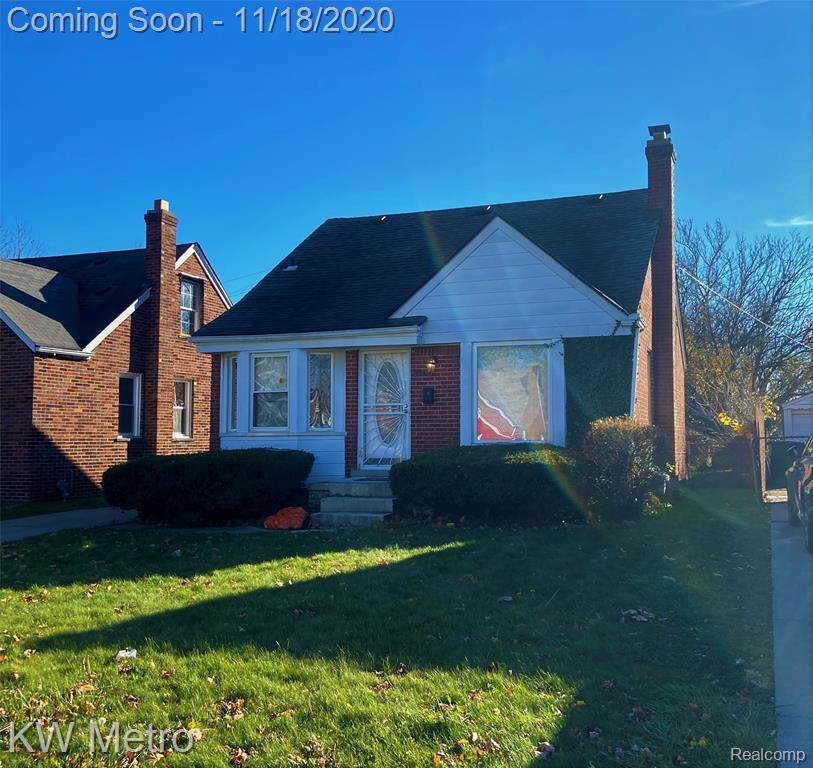 15616 Manning - Photo 1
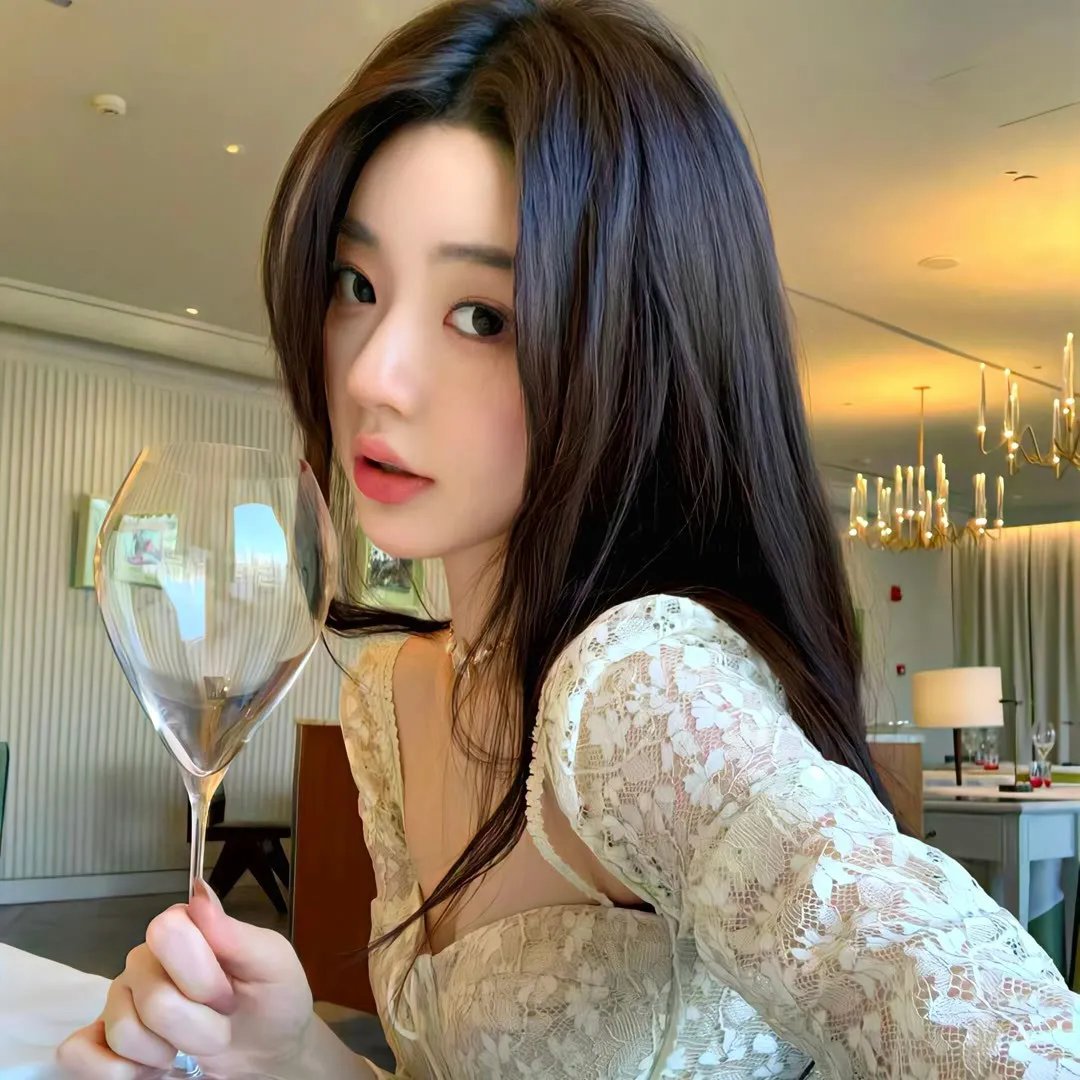毒蛇王后第二季封面
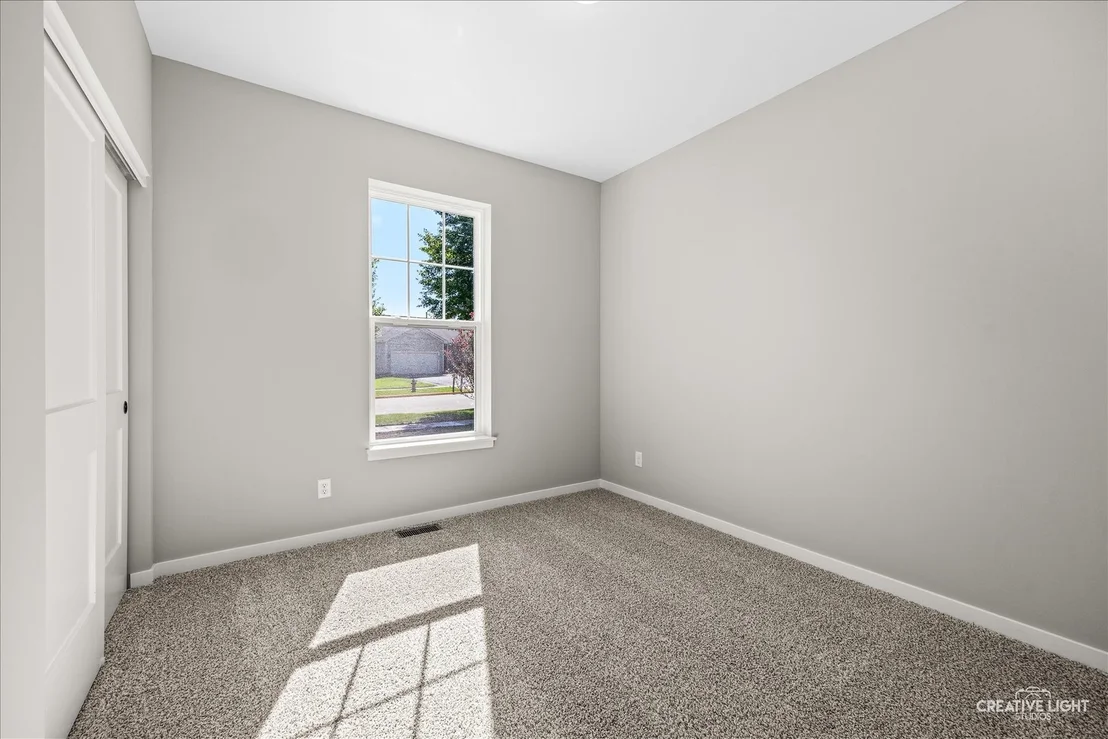 Photo of 427 Riverbend Drive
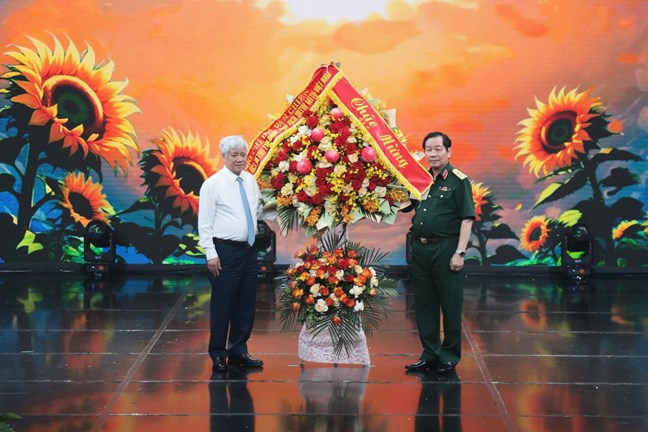 Ong Do Van Chien - Uy vien Bo Chinh tri, Bi thu Trung uong Dang, Bi thu Dang uy MTTQ, cac doan the Trung uong, Chu tich Uy ban Trung uong MTTQ Viet Nam tang hoa chuc mung chuong trinh. Anh: Tien Dat 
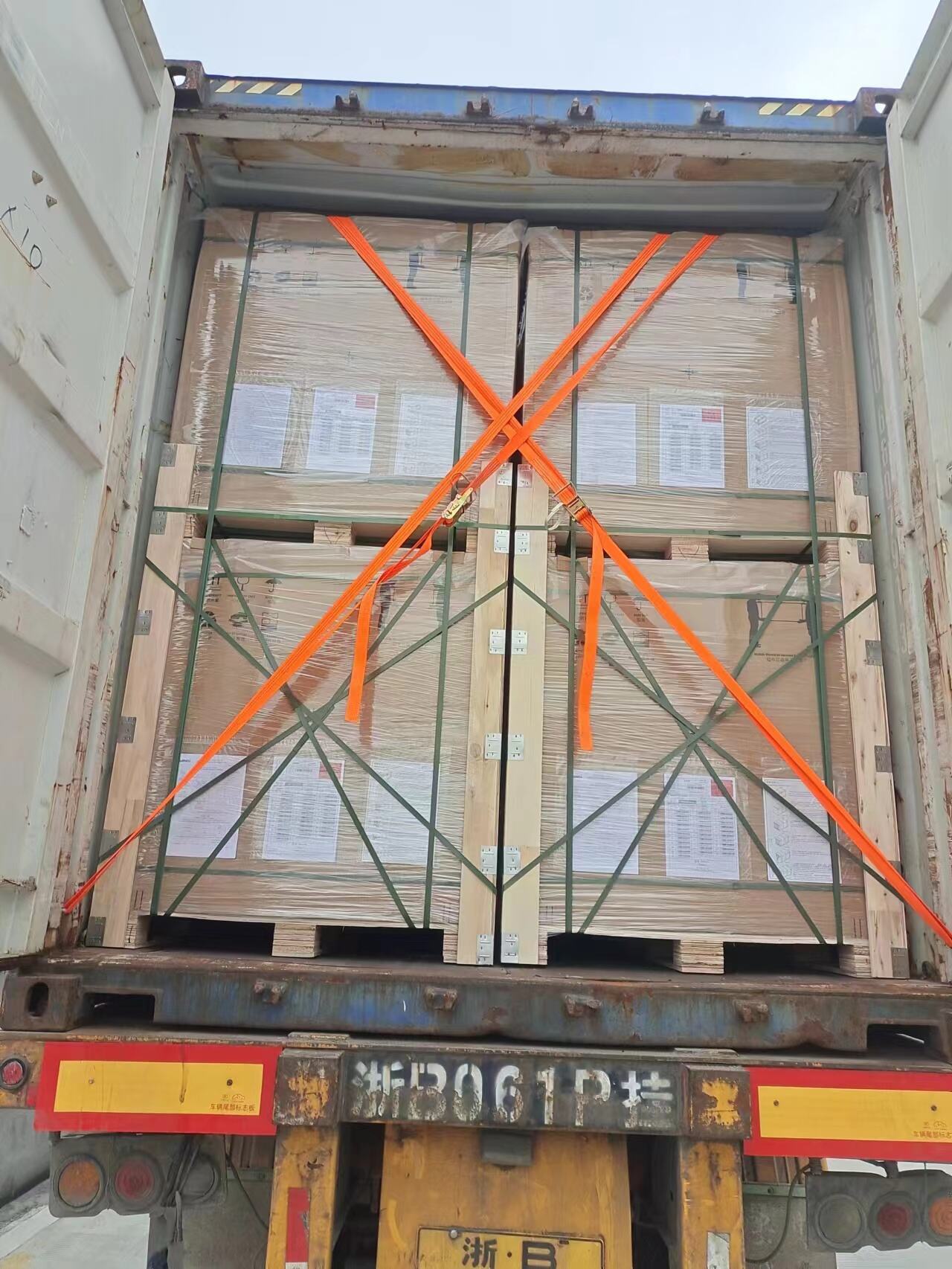 LONGi Hi-MO 5 LR5-72HBD 540-560M Half cell Bifaical Dual glass 545W 550W 555W 560W Bificial Half LONGi solar panel 545W 550W paggawa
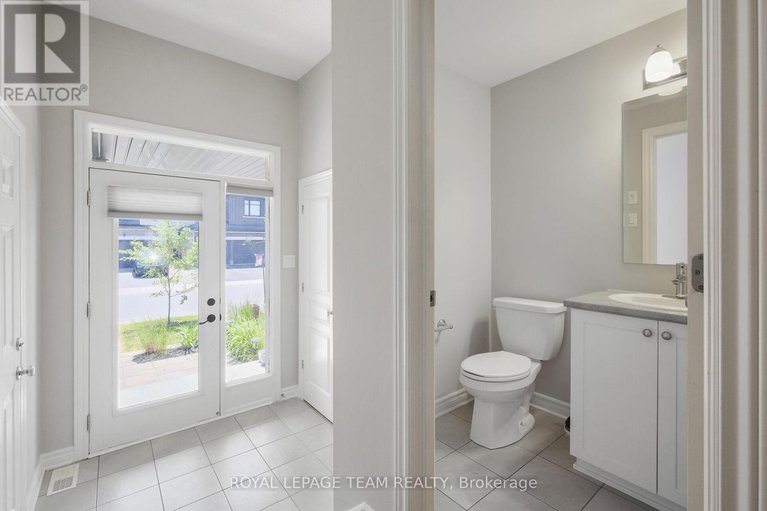 28884791/273-shinleaf-crescent/mer-bleuebradley-estatesanderson-park/ottawa/ontario/K1W0J2_4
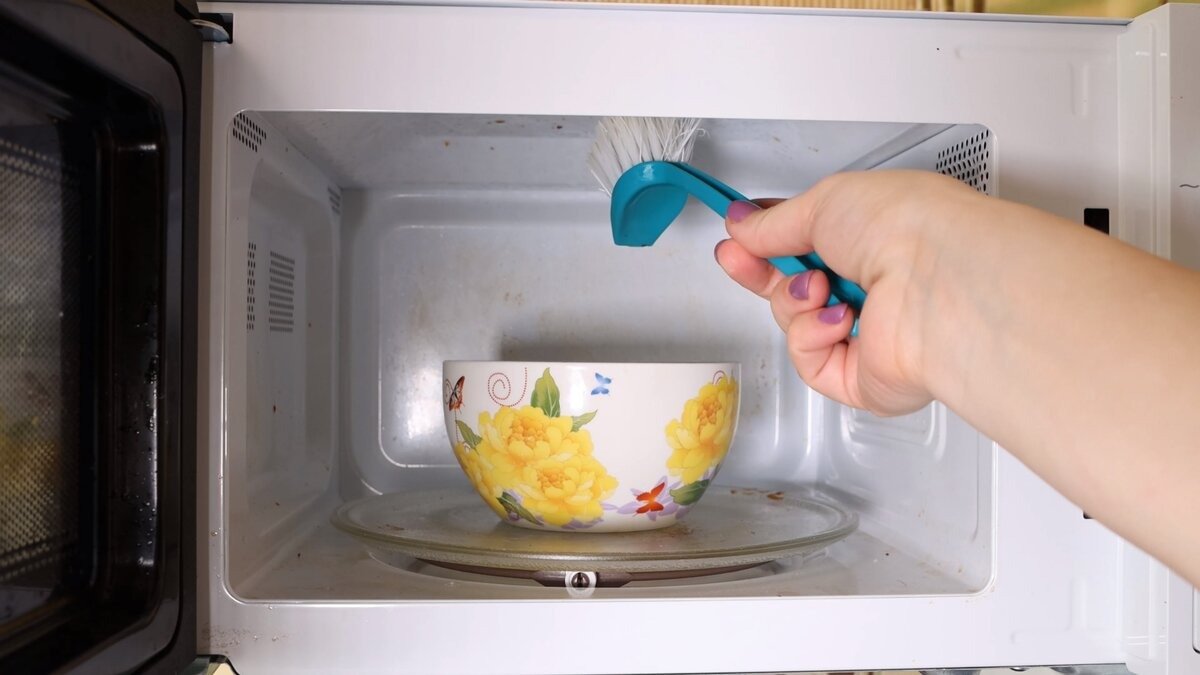 Spolehlivý způsob, jak vyčistit vnitřek mikrovlnné trouby a udržet ji v perfektním stavu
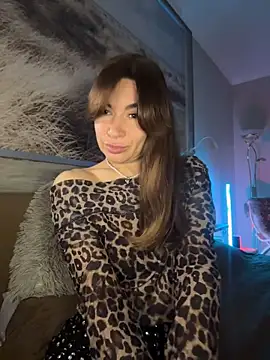 Mary Kiitty online show from 7, 5, 2026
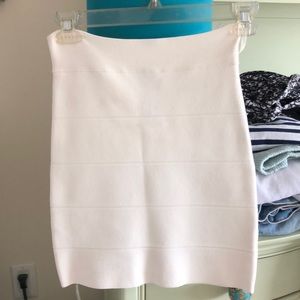 Barely worn bcbg pencil skirt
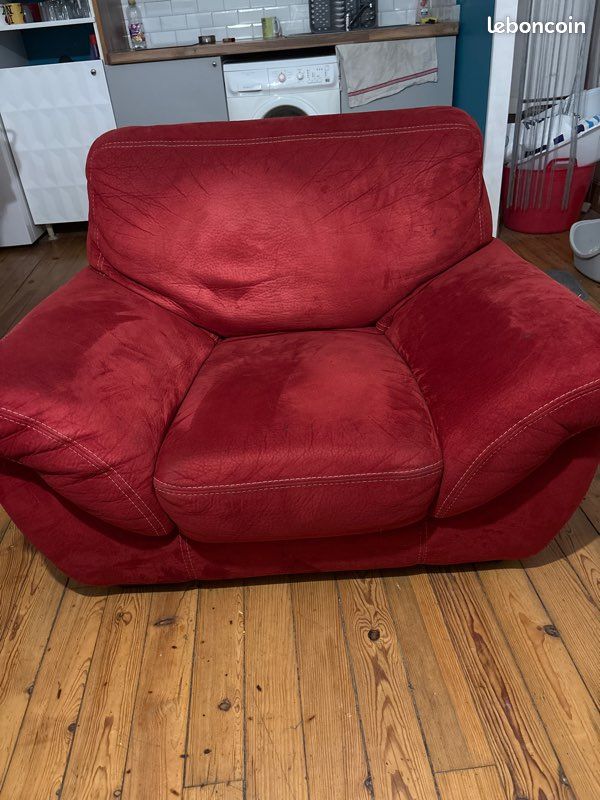Fauteuil rouge (image 1)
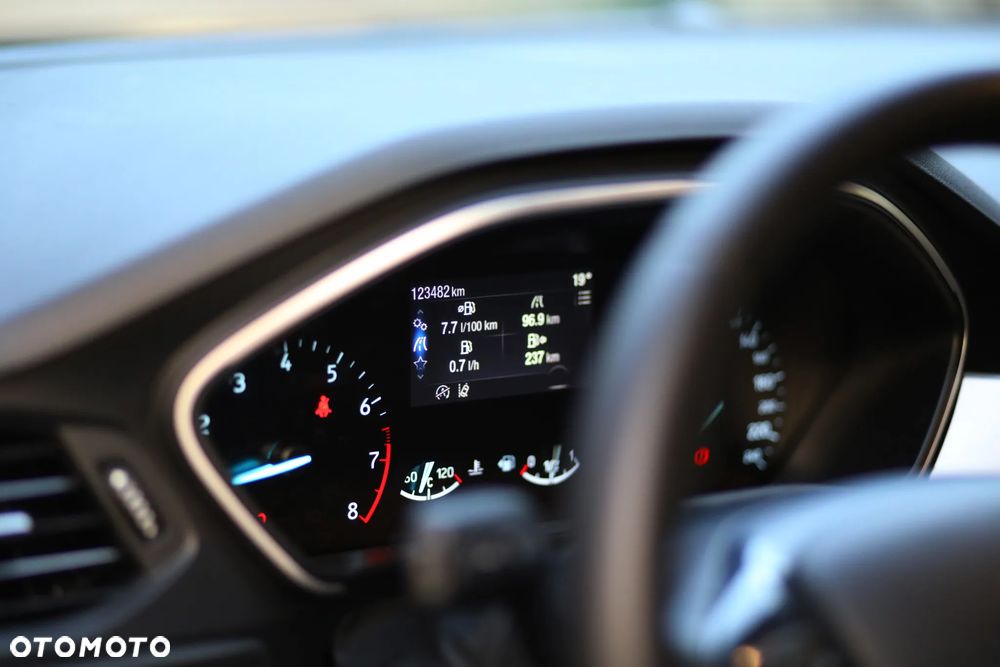 Ford Focus 1.0 EcoBoost Connected - 12
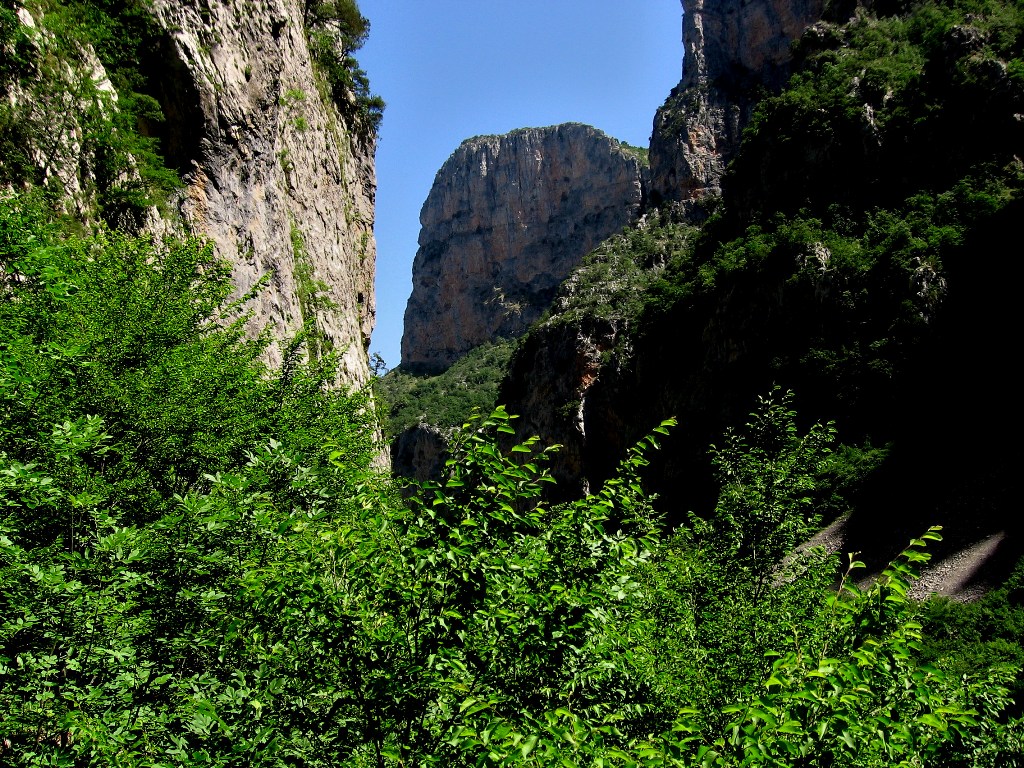 Vikos gorge begins 600m after Monodendri village and constitutes a true natural monument. Its overall length exceeds 30km from Tselepovo to Kleidonia - Greece 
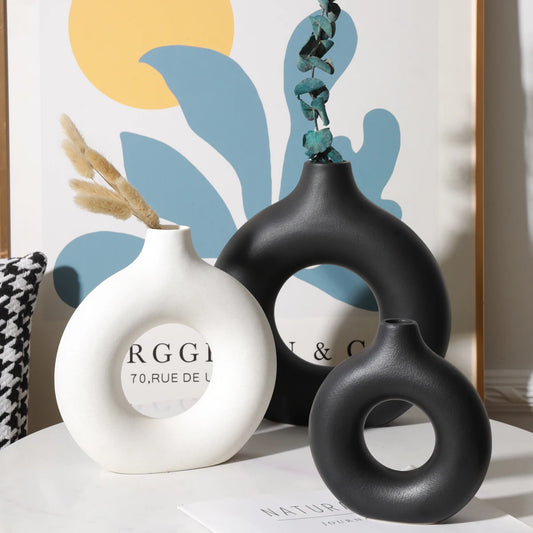 Nordic Hollow Ceramic Donut Vase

## [What you need to do]
Your reply should consist solely of the lines from the line containing "Fauteuil rouge (image 1)" through the last line of the listing, unchanged and free of pictures.

## [Output of the task]
Fauteuil rouge (image 1)
 Ford Focus 1.0 EcoBoost Connected - 12
 Vikos gorge begins 600m after Monodendri village and constitutes a true natural monument. Its overall length exceeds 30km from Tselepovo to Kleidonia - Greece 
 Nordic Hollow Ceramic Donut Vase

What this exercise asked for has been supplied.